The attacks left at least 34 dead
Foreign Minister Prince Saud Al-Faisal vowed on Wednesday to find those behind attacks in Riyadh which killed at least 34 people and said the assailants would be sorry.
Other Arab officials decried the attacks as criminal. However, many said the fight against “terrorism” could start only after the resolution of the Palestinian-Israeli conflict.
Jordan, which lost five nationals in the attacks, said the key to uprooting such attacks was an end to the Palestinian-Israeli crisis.
Some countries said the bombings were in violation of Islam.
Iranian Foreign Minister Kamal Kharazi said there was no justification for the attacks. In a message addressed to his Saudi counterpart, Kharazi said “terrorism” could only increase tensions and hatred.
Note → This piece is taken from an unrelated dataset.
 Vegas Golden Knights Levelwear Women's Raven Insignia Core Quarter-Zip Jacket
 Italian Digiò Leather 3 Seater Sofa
British Prime Minister Tony Blair condemned as “cowardly and disgraceful” the car bombings, which killed at least one Briton.
Leaders across Europe, Australia and Russia joined the chorus of condemnation for the attacks.
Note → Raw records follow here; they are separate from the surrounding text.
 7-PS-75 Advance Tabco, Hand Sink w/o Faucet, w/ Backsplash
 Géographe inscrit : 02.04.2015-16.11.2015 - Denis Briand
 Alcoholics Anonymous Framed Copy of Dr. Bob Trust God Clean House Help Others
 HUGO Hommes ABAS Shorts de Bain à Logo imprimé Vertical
French President Jacques Chirac vowed to assist international partners in the "war against terror".
The Vatican issued a statement calling on the international community to confront violence which threatened world peace.
Meanwhile, a former US diplomat said Washington’s invasion of Iraq had boosted the risk of similar attacks.
Robert Pelletreau served as Assistant Secretary of State for Near Eastern Affairs during the Clinton administration. He said in an interview published in Portugal that the US-led invasion had raised the risks because there was a lot of anger in the Arab world.
Palestinian President Yasser Arafat and Arab League Chief Amr Musa also condemned the attacks.
But Hamas official Abdel Aziz Al-Rantissi was quoted as saying the attacks “proved the prime enemy for the United States is its own policy".
The Arab street echoed these sentiments. Ordinary citizens said attacks would likely continue unless Washington changed what is perceived in the Middle East as its biased policy in the region.